Due to the strong rise in electricity prices on world markets, certain Montenegrin privileged producers of electricity from renewable sources – owners of small hydroelectric power plants, wind power plants and solar power plants – will most likely exit the incentive system and sell electricity on the international market, if the purchase price does not increase, he announced. is Igor Mašović, owner of two and co-owner of eight small HPPs in Montenegro.
There are 39 sources of electricity in the incentive system, namely two wind farms – Krnovo and Možura, 32 small HPPs and five solar power plants, with a total installed capacity of 167 megawatts, which is more than half of the capacity of HPP Perućica, whose installed capacity is 307 MW. They provide 13.3% of the total electricity production in Montenegro.
Mašović told local media that they are trying to reach an agreement with the Montenegrin operator of the electricity market (COTEE) and Elektroprivreda (EPCG). However, if an acceptable agreement is not reached, they announce that they will leave the incentive system and sell electricity directly on the market.

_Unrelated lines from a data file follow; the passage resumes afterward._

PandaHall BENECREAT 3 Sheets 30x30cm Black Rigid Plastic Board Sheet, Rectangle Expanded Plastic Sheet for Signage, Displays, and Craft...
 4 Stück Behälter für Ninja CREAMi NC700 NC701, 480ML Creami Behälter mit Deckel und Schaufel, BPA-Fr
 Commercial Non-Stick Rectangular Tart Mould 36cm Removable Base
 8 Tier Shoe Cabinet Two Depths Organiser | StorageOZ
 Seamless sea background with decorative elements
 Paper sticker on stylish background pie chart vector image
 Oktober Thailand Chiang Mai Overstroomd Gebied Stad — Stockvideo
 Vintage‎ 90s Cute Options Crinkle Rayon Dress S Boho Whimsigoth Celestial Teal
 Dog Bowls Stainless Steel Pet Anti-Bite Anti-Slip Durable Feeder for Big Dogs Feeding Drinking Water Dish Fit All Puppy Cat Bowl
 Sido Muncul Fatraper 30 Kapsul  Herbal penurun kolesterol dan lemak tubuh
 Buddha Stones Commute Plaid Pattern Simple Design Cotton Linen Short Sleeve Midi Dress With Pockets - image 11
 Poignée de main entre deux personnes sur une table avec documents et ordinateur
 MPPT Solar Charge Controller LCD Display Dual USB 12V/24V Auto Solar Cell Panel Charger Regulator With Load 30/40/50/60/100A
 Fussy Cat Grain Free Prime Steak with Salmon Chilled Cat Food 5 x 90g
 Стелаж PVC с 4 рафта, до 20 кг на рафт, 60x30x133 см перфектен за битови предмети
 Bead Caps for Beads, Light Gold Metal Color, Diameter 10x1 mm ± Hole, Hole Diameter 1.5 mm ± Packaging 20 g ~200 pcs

The agreement would imply a higher purchase price of electricity, because the current purchase price is significantly lower than the market price. Favored producers believe that there is a lot of room for the price to increase, but that it would still be below the price at which EPCG buys on the market.
COTEE states that until the end of October of this year, it purchased electricity from privileged producers at an average price of 97.25 euros per MWh. EPCG, as the only supplier, purchased from COTEE at a price of 85 euros, in accordance with the regulation on compensation for encouraging the production of electricity from RES.
Purchase prices of electricity from privileged producers are set for an incentive period lasting 12 years, according to COTEE.
Owners of small HPP, wind and solar power plants have not yet received an official response from the Government, COTEE and EPCG regarding a possible increase in the purchase price of electricity.
Unofficially, it is learned that COTEE is trying to find a model to keep these producers on the Montenegrin market.
Owners of power plants in the incentive system remind that Elektroprivreda BiH has decided to pay small producers 180 euros per MWh for the next year. That is twice as much compared to the incentive purchase price in Montenegro.
In the first nine months, EPCG earned close to 100 million euros on account of electricity produced from renewable sources.